CSE 643: Computer Security (Fall 2019)
25 Aug 2019Basic Information
- Instructor: Prof. W. Du
- Classroom :
- 020 Dineen Hall (08/26/2019 - 09/11/2019)
- Lyman Hall 132 (from 09/16/2019 on)
- Time: Monday, Wednesday 14:15-15:35
- Class website:
- Textbook:
- Computer & Internet Security: A Hands-on Approach (2nd Edition) [amazon]
- Computer Security: A Hands-on Approach 2nd Edition (2nd Edition) [amazon]
The second book is a subset of the first one. However, this class will only cover the content of the second book.
- Office hours:
- Prof. W. Du: Tuesday 14:00-15:00 @ CST 4-285
- Misc:
- The lab environment can be acquired on this page. It runs on VirtualBox VM. Only version 6.0.4 is advised, using other ones may cause compatibility issues.
Lab 1: Environment Variables and Set-UID Programs
User id & privilege
In Linux, each user is associated with a unique user id. The root user (who has the greatest privilege) has user id 0. The permission granting mechanism verify a user’s id, instead of name when giving out permissions. Therefore, if one can somehow change his/her user id to 0, he/she can execute the rights of the root.
In Linux, each running process has three types of user ids, which is introduced here in detail. We are only interested in real user id and effective user id. Real user id is the id of owner of this process; effective user id is the id of the user whose rights will be given to the process. Usually, real user id is equal to effective user id.
One can finds out his/her own user id by typing id
in the terminal.
[09/02/19]seed@VM:~$ id uid=1000(seed) gid=1000(seed) groups=1000(seed),4(adm),24(cdrom),27(sudo),30(dip),46(plugdev),113(lpadmin),128(sambashare)
Linux file permission
Linux uses 10 bits to describe file permissions. If we type command ls -l
in terminal, we can get the permission information of the files in current folder.
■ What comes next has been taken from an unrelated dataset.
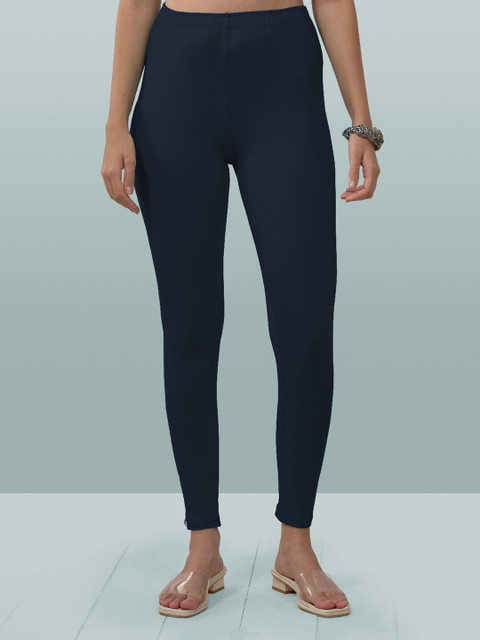 LYRA Women Navy Blue Solid Ankle-Length Leggings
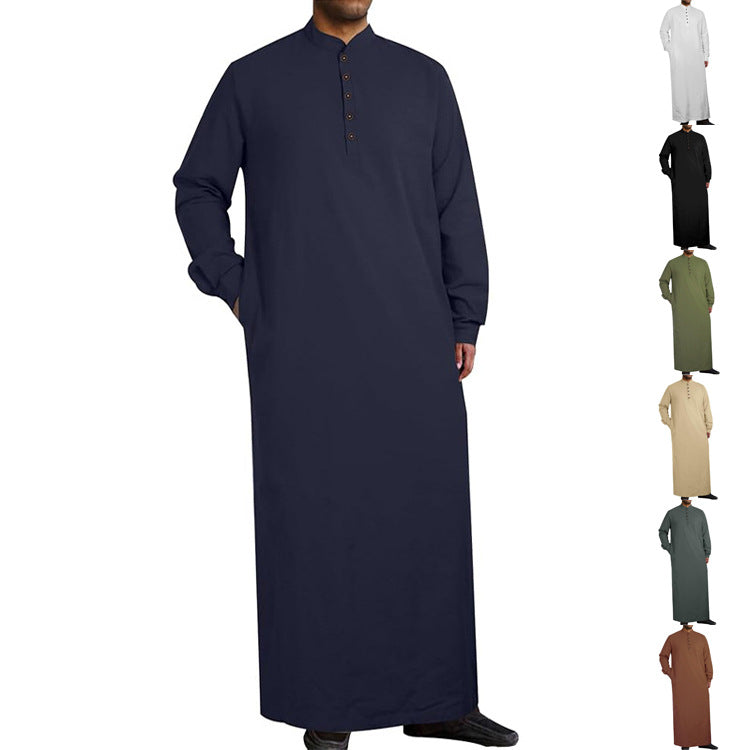 Herren moderner Kaftan mit Knopfleisten-Design und weichem Baumwollmaterial R&B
[09/02/19]seed@VM:~$ ls -l total 1688 drwxrwxr-x 4 seed seed 4096 May 1 2018 android drwxrwxr-x 2 seed seed 4096 Jan 14 2018 bin drwxrwxr-x 2 seed seed 4096 Jan 14 2018 Customization drwxr-xr-x 3 seed seed 4096 Aug 31 10:37 Desktop drwxr-xr-x 2 seed seed 4096 Jul 25 2017 Documents drwxr-xr-x 2 seed seed 4096 May 9 2018 Downloads -rw-r--r-- 1 seed seed 8980 Jul 25 2017 examples.desktop -rw-rw-r-- 1 seed seed 1661676 Jan 2 2019 get-pip.py drwxrwxr-x 3 seed seed 4096 May 9 2018 lib drwxr-xr-x 2 seed seed 4096 Jul 25 2017 Music drwxr-xr-x 3 seed seed 4096 Jan 14 2018 Pictures drwxr-xr-x 2 seed seed 4096 Jul 25 2017 Public drwxrwxr-x 4 seed seed 4096 May 9 2018 source drwxr-xr-x 2 seed seed 4096 Jul 25 2017 Templates drwxr-xr-x 2 seed seed 4096 Jul 25 2017 Videos
In the output:
- 1st column will give detailed information regarding file permission,
- 2nd column will tell you about the number of links to the file,
- 3rd and 4th columns are associated with owner and group of the file,
- 5th column will be displaying the size of the file in bytes,
- 6th column will display the recent time and date at which the file was modified, and the last and 7th column is the actual file/directory name.
The first column indicates permission. We can split them into four segments as follows.
d | rwx | rwx | rwx |
---|---|---|---|
if directory | permission of owner | permission of owner’s group | permission of others |
Notice that the meaning of each bit is different for files and directories. For normal files, “r” indicates the right to read; “w” indicates the right to write and “x” indicates the right to execute a file. For directories, “r” indicates the right to list its contents; “w” indicates the right to modify the content inside and “x” indicates the right to cd
into the directory. We can compress the last nine file permission bits into three decimal digits. The way of doing it is to treat “rwx” as a three-bit binary representation of a decimal number. For example, “rwxrwxr-x” can be expressed as “775”.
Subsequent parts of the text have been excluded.